To me, Texas is Lonesome Dove. The novel didn’t land the way Larry McMurtry had intended — as an anti-Western critiquing the misogyny and racism of the Western mythology. Instead it ended up being one of the greatest Westerns of all time. When asked by “You felt that Lonesome Dove was misinterpreted, that you’d intended it as an anti-Western. In what sense?”, McMurtry responded, “Would you like your menfolk to be that way? The Western myth is a heroic myth, and yet settling the West was not heroic.” This makes me love Lonesome Dove all that much more, and is probably the reason it’s the only Western that has ever resonated with me, other than True Grit.
I was eager to read other Texas books in addition to Lonesome Dove, and especially stories by Katherine Anne Porter and something, anything, by Cormac McCarthy. I attempted McCarthy’s All the Pretty Horses and just could not get into it, but I adored Katherine Anne Porter.
Novel: Lonesome Dove
Author: Larry McMurtry, born Wichita, Texas 1936
Setting: 1860s Texas to Montana
If you don’t care for Westerns, you might not like this book. But then again, if you don’t care for Westerns, you might love it. I have no interest in Westerns. But I love Lonesome Dove.
It ain’t dying I’m talking about, it’s living. I doubt it matters where you die, but it matters where you live.
Perhaps the reason Lonesome Dove has become one of the most popular Westerns of all time is precisely because it is so unlike all the others in its subtle criticism of how the West was “won.” Perhaps the depth of the characters, and the treatment of all sides of the stories — from the impossible position for women in those times to the unjustness of stealing natives’ land — resonates with readers and that’s why it was such a success.

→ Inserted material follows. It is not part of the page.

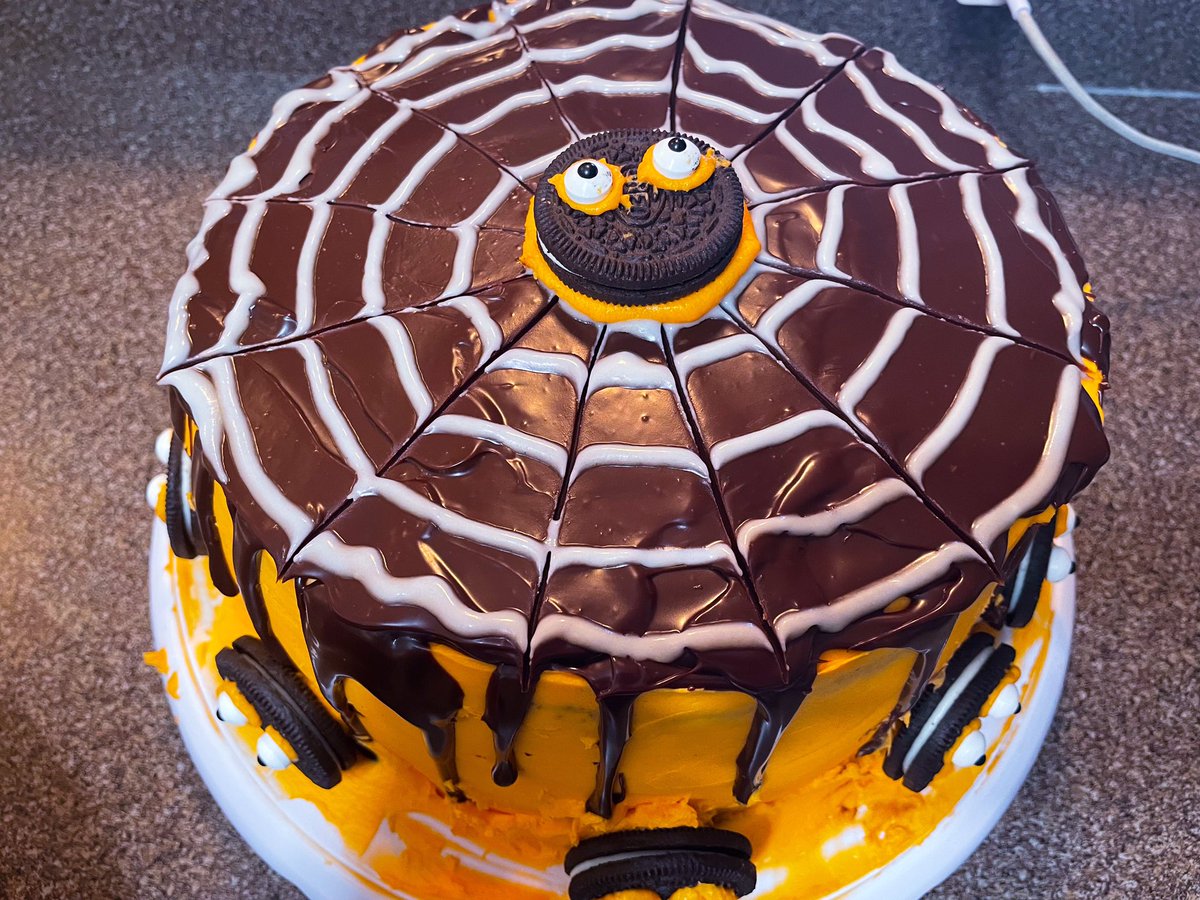 bari_chef's tweet image. #HappyHalloween everyone! I made another #halloweencake again this year - cheers ! Chef Bari @hogand2cent @LisaJLKHansen @BeerStoreDude @ChampChaz02 @JoshAndRachael @JonathanJossel @DeJennie_and_Me and anyone I missed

I think we spent our best years fighting on the wrong side.
I’ve read this book so many times, I’ve lost count. It is one of my top five favorite books: for setting, characters, dialogue, depth, humor, emotion. I love these characters like friends. Each time I read the book I am grateful for how long it is because it means I’ll get to spend more time with them. Each time, even though the story is set on the page as it always has been and always will be, I also hope they’ll make different decisions in the end.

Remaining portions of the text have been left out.